# ***Heinie Sights for HK P7 series***



## superwolf (Jul 30, 2007)

I have been communicating with Richard Heinie to add the HK P7 series to his Slant Pro Straight Eight Night Sights. A lot of us out there that have HK P7M8, K3, M10, M13 and PSP's (even though the sights are a little different) don't have a lot of choices when it comes to very high quality night sights. I own a bunch of pistols that have Heinie sights and they are in my opinion the fastest to get proper sight alignment and sight picture. Here is their website for those who not as familiar with Heinie sights. https://www.heinie.com/cart/index.php?cPath=9_15

Richard said that he would add the HK P7 series to his line up if I could show him that there is market for these sights among the HK P7 community. I will use this thread to show some interest.

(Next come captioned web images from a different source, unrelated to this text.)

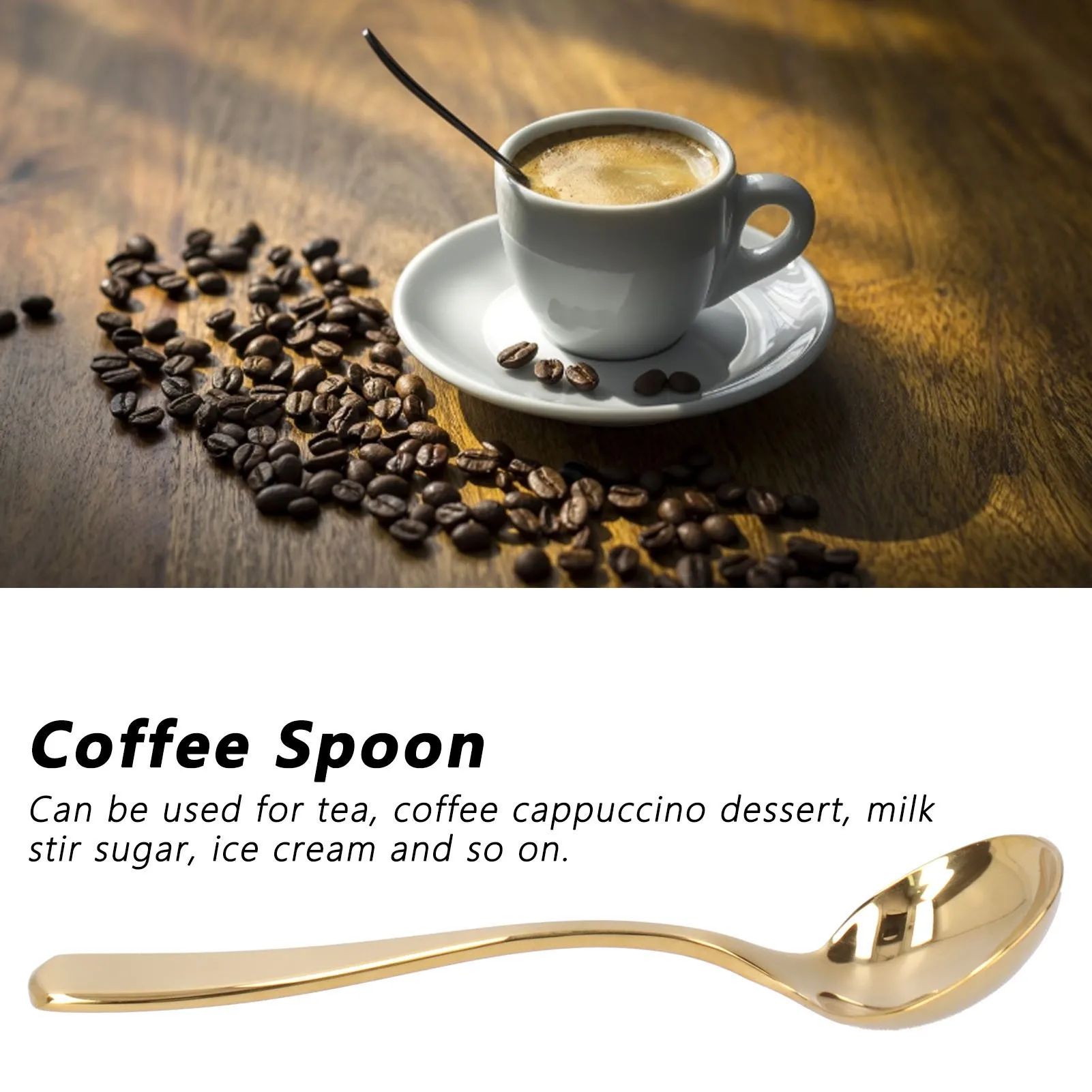 F5 Coffee Cupping Spoon Stainless Steel Milk Foam Dessert Cake Ice Cream Spoon Cupping Spoon Spoon Coffee Utensil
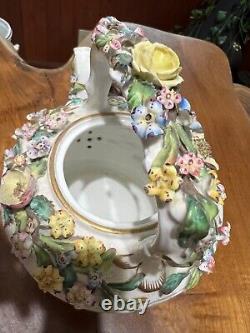 Antique Hand Painted Floral Encrusted Porcelain Tea Pot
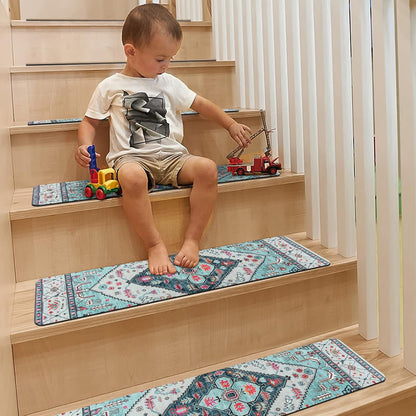 OJIA Non-Slip Carpet Stair Treads for Wooden Steps Set of 15, 30''X8'' Indoor Runner Resistant Rugs Rubber Safety Mats for Dogs, Kids & Elders, Stairway Grip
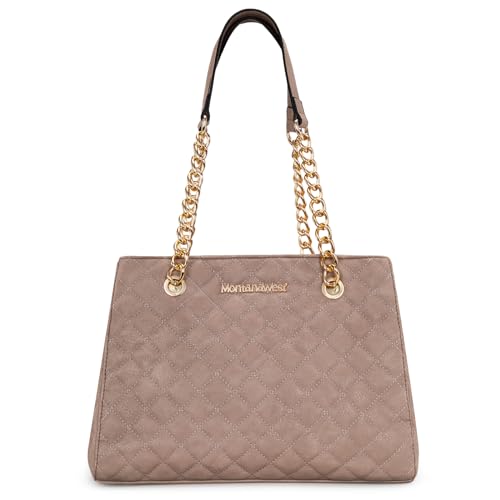 Image of Montana West MEDIUM Tote Bag for Women Quilted Chain Handbags Shoulder Purse
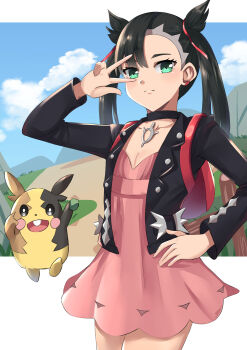 Rule 34 | 1girl, absurdres, asymmetrical bangs, backpack, bag, black choker, black hair, black jacket, blue sky, breasts, choker, cleavage, closed mouth, cloud, commentary request, daweykun, day, dress, earrings, flat chest, gen 8 pokemon, green eyes, hair ribbon, hand on own hip, highres, jacket, jewelry, looking at viewer, marnie (pokemon), morpeko, morpeko (full), nintendo, outdoors, pink dress, pokemon, pokemon swsh, ribbon, sky, twintails, undercut, w, w over eye
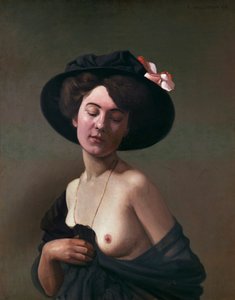 黒い帽子の女1908 作： Felix Edouard Vallotton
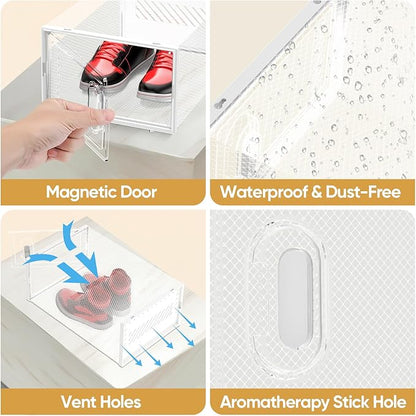 BALEINE 3 Pack Stackable Shoe Storage Boxes Fit Size 9, Thickened Clear Shoe Box Bins with Lids, Plastic Foldable Shoe Rack Organizer Sneaker Storage Containers (Large, White)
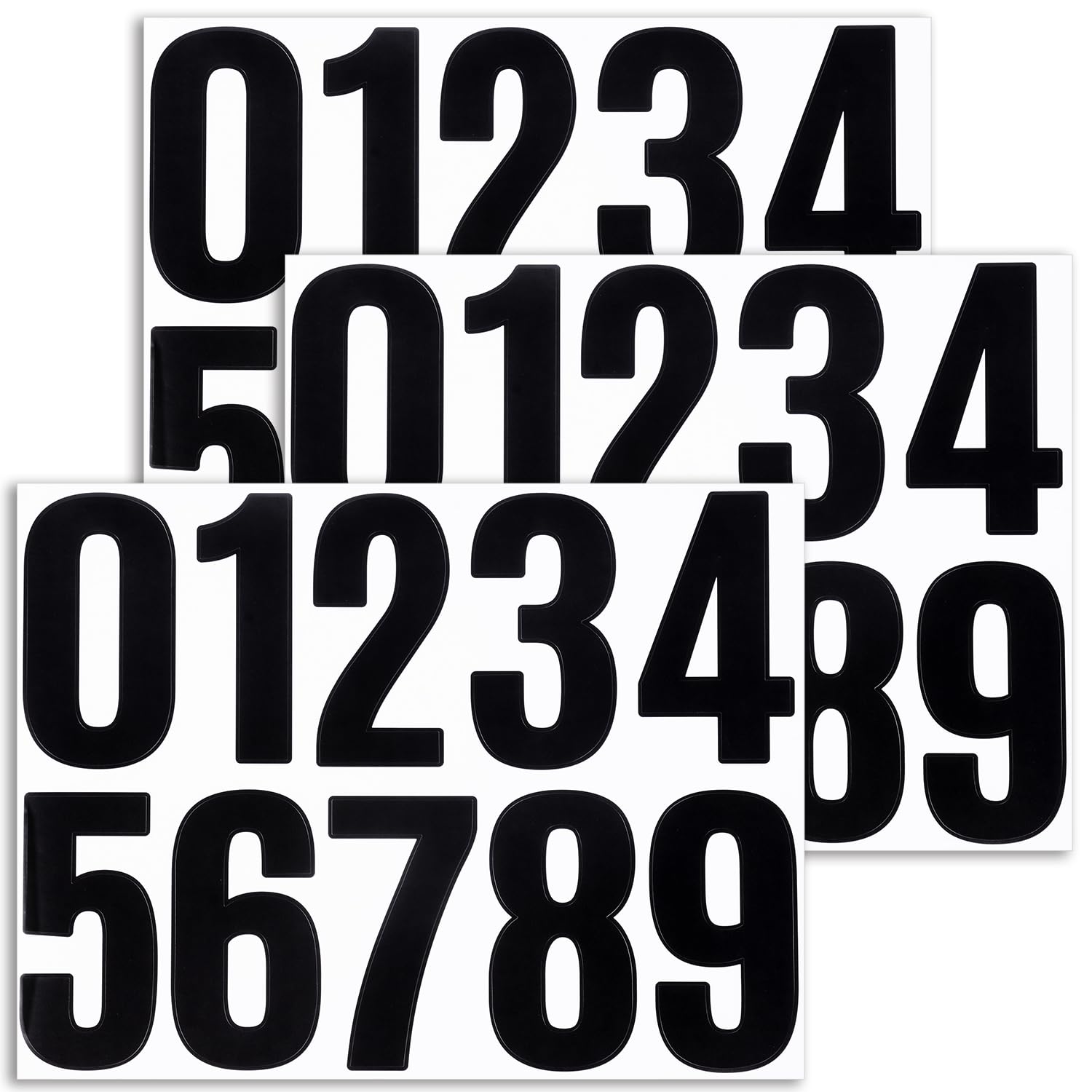 数字 シール 大きい 防水 ステッカー ナンバー 番号シール 大きめ ブラック ホワイト (黒, 4インチ)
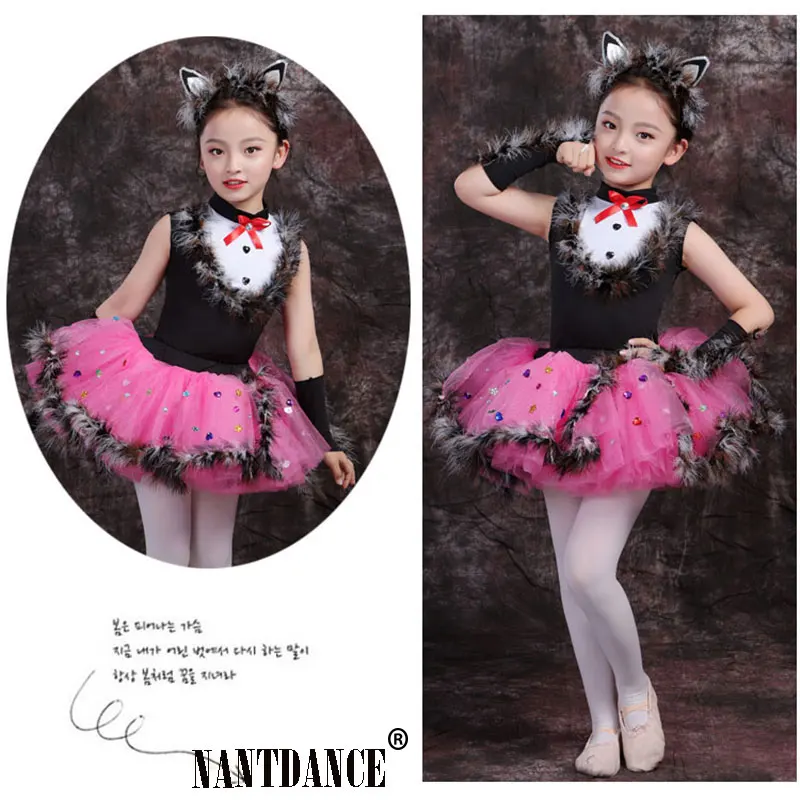 Kitten Cat Dance Girl halloween Costume Contemporary Dance Costumes Kids Stage Clothes Cosplay Dance Jazz Costumes For Girls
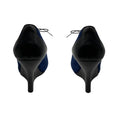 Load image into Gallery viewer, Giorgio Armani Blue / Black Suede and Leather Open Toe Heels
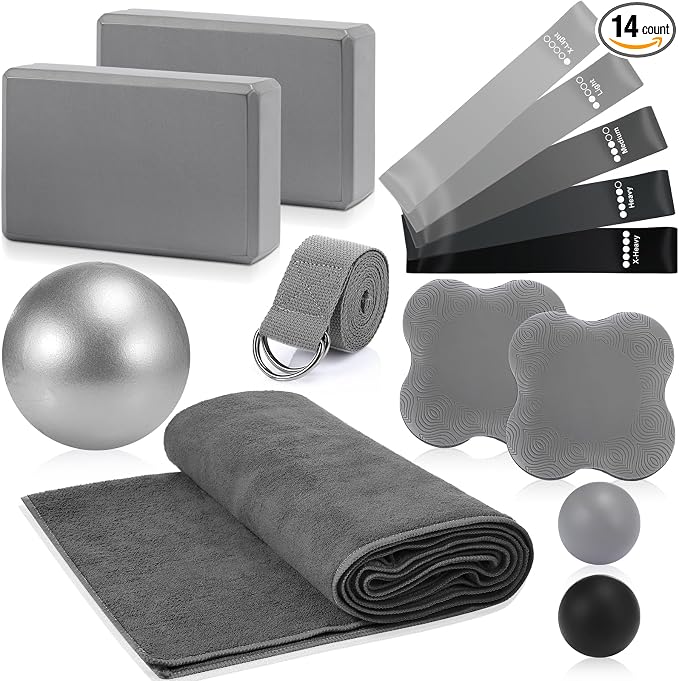 Simgoing 14 Pcs Yoga Kits for Home Workouts Pilates Equipment Set for Women Beginners, Hot Yoga Towel Blocks Strap, Knee Pad, Resistance Loop Exercise Band, Massage Lacrosse Ball, Pilates Ball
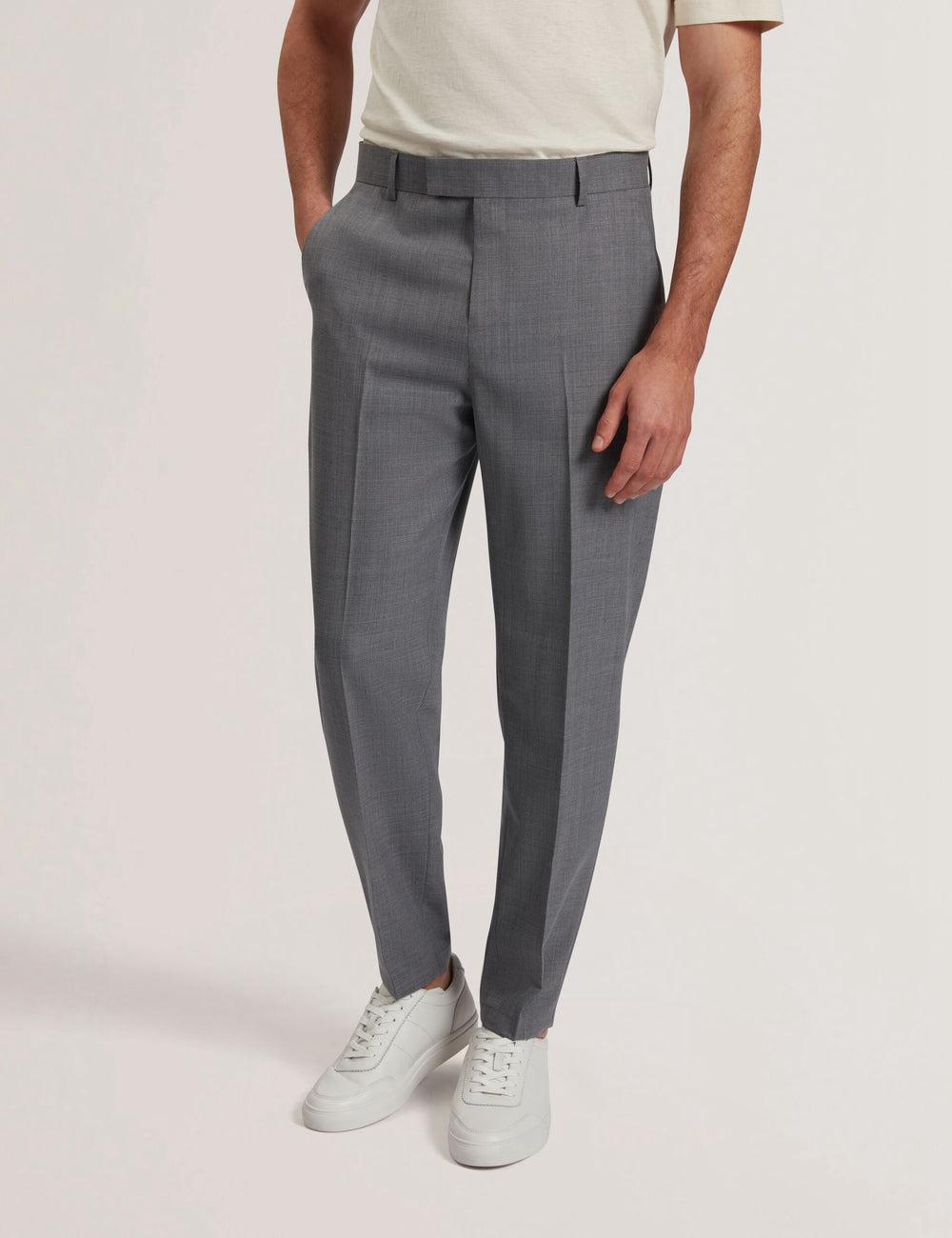 Men Ted Baker SELWYNT - Lightweight Wool Blend Trousers Mid-Grey | Egypt  HNEIX-9026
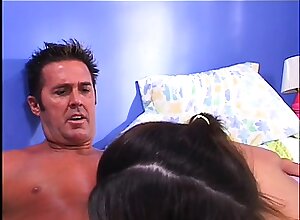 Horny professor eats out and fucks the student's pussy all over the bed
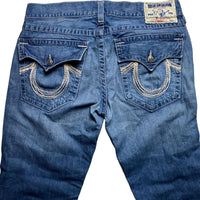 True Religion Blue and White Stitch Straight Baggy Jeans (36W)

If you own or plan to own any HK P7 pistol, would you consider upgrading the factory sights with Heinie Sights? If so please leave a response or feedback. Thanks.


----------



## Charlie (May 13, 2006)

My P7 M8 currently has excellent sights on it. If I were to consider replacing them I would certainly consider Heinie sights first. I believe Heinie sights to be among the best. Just my $.02. :smt023


----------



## Clyde (Jul 13, 2006)

I have replied on another forum also. In for at least 2 sets (M8 and M13)
would prefer non-night sights.


----------